HENLAWSON — To the untrained eye, a hillside near the cabins at Chief Logan State Park looks like an unkempt weed patch.
To Lauren Cole, it looks like progress. More important, to a passing monarch butterfly, it looks like a great place to settle in for the summer.
Cole, the park naturalist, has spent the last two years trying to make Chief Logan a more attractive place for butterflies, honeybees and other desirable insects. She’s spent many an hour sowing seeds — seeds that have transformed expanses of closely mowed grass into patches of wildlife-friendly weeds.
It’s part of what state parks officials call their Pollinator Habitat Expansion Initiative.
“The initiative involves two things,” Cole explained. “One is mowing reduction. The other is the creation of pollinator gardens.”
So far at Chief Logan, Cole has created 2¼ acres of pollinator habitat by planting three varieties of milkweed, several species of clover, ironweed, wingstem, columbine, joe pye weed and two-leaved toothwort.
Certain plants attract certain species. For instance, the two-leaved toothwort helps support the West Virginia white butterfly, a species imperiled by the introduction of garlic mustard, a plant that mimics a native mustard.
“White butterfly caterpillars can’t survive on the garlic mustard plants,” Cole explained. “They eat it and they just die.”
The bulk of the plantings, however, are designed to attract one of America’s showiest and best-known butterfly species — the monarch.
“Monarchs are a beautiful, really fascinating species,” Cole said. “They’re one of the few insects in the world that actually perform a migration. Here in West Virginia, we’re considered part of the ‘Monarch Highway,’ which extends from north of here down to Mexico, where monarchs go to spend the winter.”
Monarchs depend on milkweed to survive. They lay their eggs on milkweed plants, which serve as a food source for monarch caterpillars until they’re ready to pupate and transform into adult butterflies.
When small family farms were found all across the country, their weed-edged croplands contained all the milkweed monarchs could ever hope to have at their disposal. As the farms have disappeared, so have the milkweed patches. Monarchs have dwindled by close to 90 percent over the past decade and a half, and scientists have begun to fear for their future.

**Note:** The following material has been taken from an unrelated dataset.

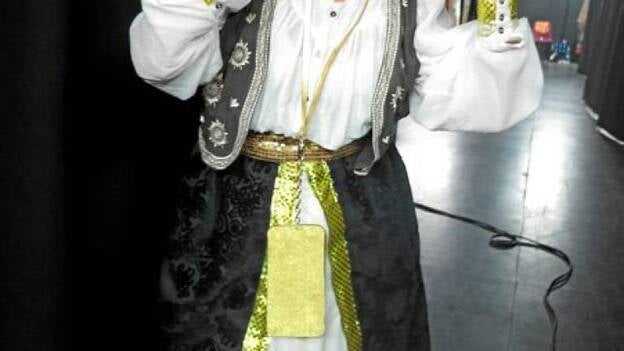 Un musical familiar sobre Aladino se ultima en Agüimes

In 2015, the U.S. Fish and Wildlife Service began to investigate whether the species should be considered for protection under the federal Endangered Species Act. According to the service’s website, the decision will be made by December 2020.

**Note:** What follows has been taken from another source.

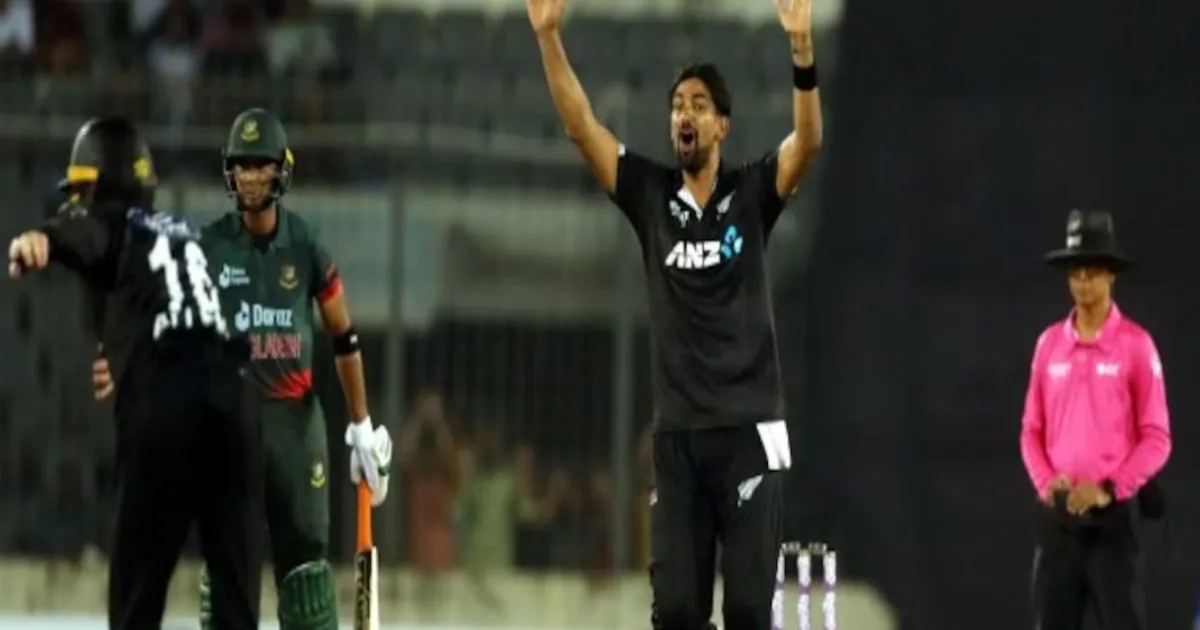  BAN vs NZ , bangladesh team , new zealand team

In the meantime, federal, state and local agencies are launching an all-hands-on-deck scramble to try to improve monarch habitat throughout the eastern and central United States. The Division of Natural Resources’ Parks Section is spearheading West Virginia’s effort.

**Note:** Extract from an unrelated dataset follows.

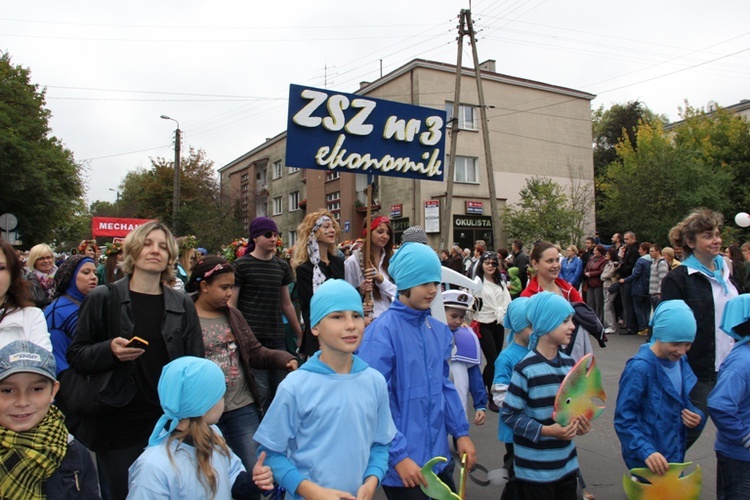 Skierniewicka Parada 2013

Pollinator gardens have sprung up at parks throughout the statewide system. The Pollinator Habitat Expansion Initiative fits hand-in-glove with Parks Chief Sam England’s 2017 mandate to reduce by 10 percent the amount of labor-intensive mowing and weed-trimming that takes place each summer.
Cole said the effort began paying dividends almost immediately.
“Our first spring after planting the pollinator zones, we had monarchs and monarch caterpillars using the milkweed plants,” she added. “We have more this year. We’re seeing plenty of monarchs. It takes several years for [milkweed plants] to take hold and produce a lot of flowers and a lot of butterfly activity, but already we’re having success.”
The best thing about pollinator gardens, Cole said, is that anyone can plant them.
“You can purchase milkweed seeds from seed distributors,” she said. “We use three varieties — common milkweed, butterfly milkweed and swamp milkweed. Of the three, swamp milkweed seems to attract the most monarchs.”
Unlike most seeds, which germinate in spring, milkweed seeds should be planted in the fall.
“It takes a cold winter for the seeds to germinate,” Cole explained. “If you put milkweed seeds out in the summer, all you’re doing is spreading expensive bird seed. It’s worth the effort, though. Dedicate a few square feet of your backyard to this, and you’re going to make a difference.”
If nothing else, she added, West Virginians who plant a few milkweed seeds would be helping ensure the future of a state symbol.
“The monarch is our state butterfly,” she said. “If we’re not going to be concerned about the conservation of our state symbols, what are we going to be concerned about?”